Enhardi par la réaction positive du Premier ministre, qui lui a téléphoné hier pour lui annoncer que la nomination des Assistant Secretaries ne figurera finalement pas dans les pouvoirs alloués au Président de la République dans le cadre de la IIe République d’un régime Ptr-MMM, le président de la Fédération des syndicats du secteur public réclame désormais une nouvelle manière de nommer les ministres. Rashid Imrith réclame aussi une évaluation annuelle de la performance des ministres, au même titre que les fonctionnaires.

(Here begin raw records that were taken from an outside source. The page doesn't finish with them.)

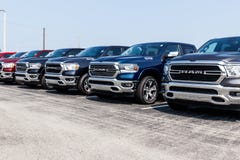 Noblesville - Circa August 2018: Ram 1500 Pickup Trucks at a Dodge dealership V stock image Noblesville - Circa August 2018: Ram 1500 Pickup Trucks at a Dodge dealership V stock image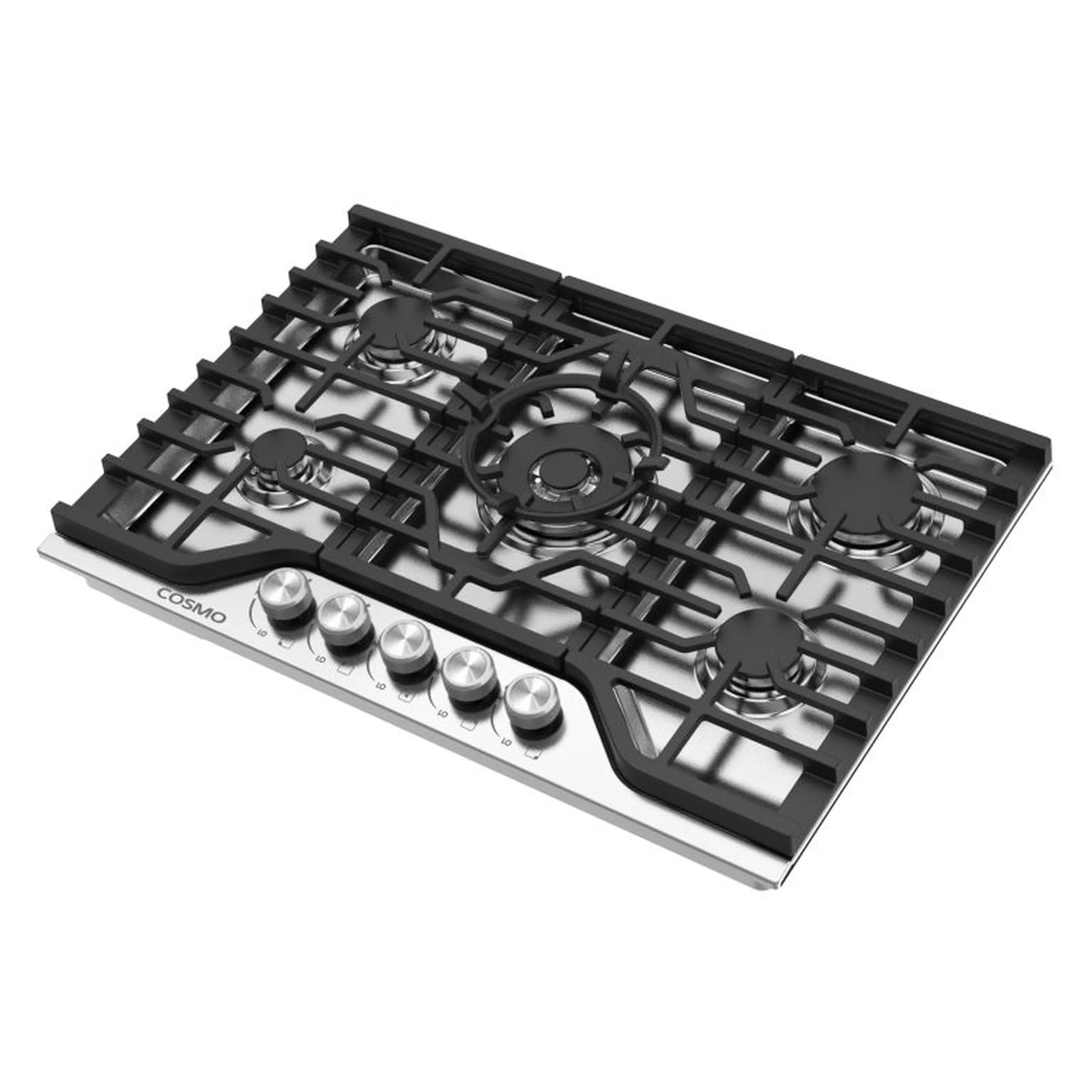 Stainless steel gas cooktop angled view with black grates, five burners, and knobs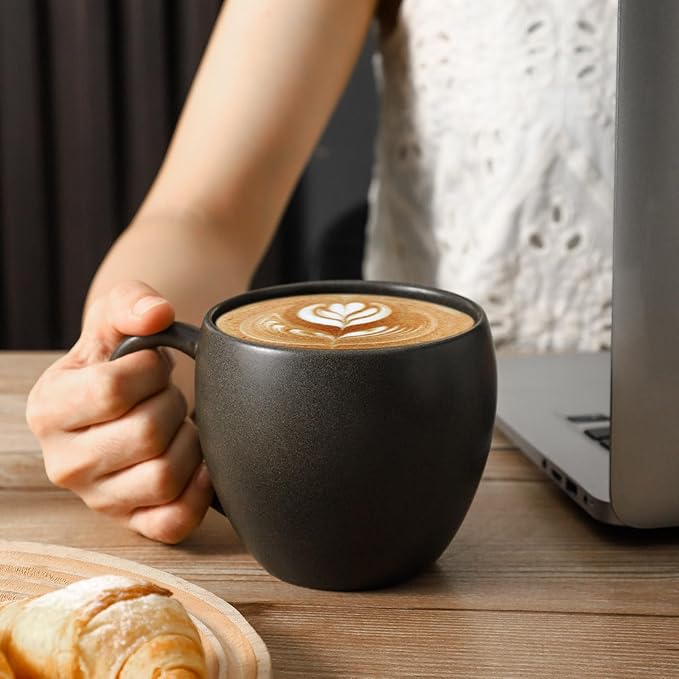 Coffee Mugs Set of 4, Ceramic 16 oz Coffee Cups for Tea, Milk, Cereal, Cappuccino, Porcelain Latte Cups with Large Handle, Stoneware Coffee Mugs for Christmas Housewarming Gifts, Black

« Non seulement doit-on garder jalousement l’indépendance de la Public Service Commission et celle du Public Appeal Tribunal, mais nous estimons, à la Fédération des syndicats du secteur public (FSSP), que l’on doit revoir la façon dont les ministres sont nommés », a lancé Rashid Imrith. C’était lors d’une rencontre avec la presse ce matin pour parler de la bonne gouvernance dans le secteur public et des nouveaux pouvoirs du président de la République dans le cadre d’une éventuelle IIe République, proposée samedi dernier par Navin Ramgoolam et Paul Bérenger.
« Nous ne pouvons continuer à nommer des ministres en fonction des critères utilisés jusqu’ici par les politiciens. Un élu candidat à un poste de ministre doit pouvoir convaincre le Président de la République et le Premier ministre qu’il a une vision du ministère qu’il va occuper », a d’emblée ajouté le président de la FSSP.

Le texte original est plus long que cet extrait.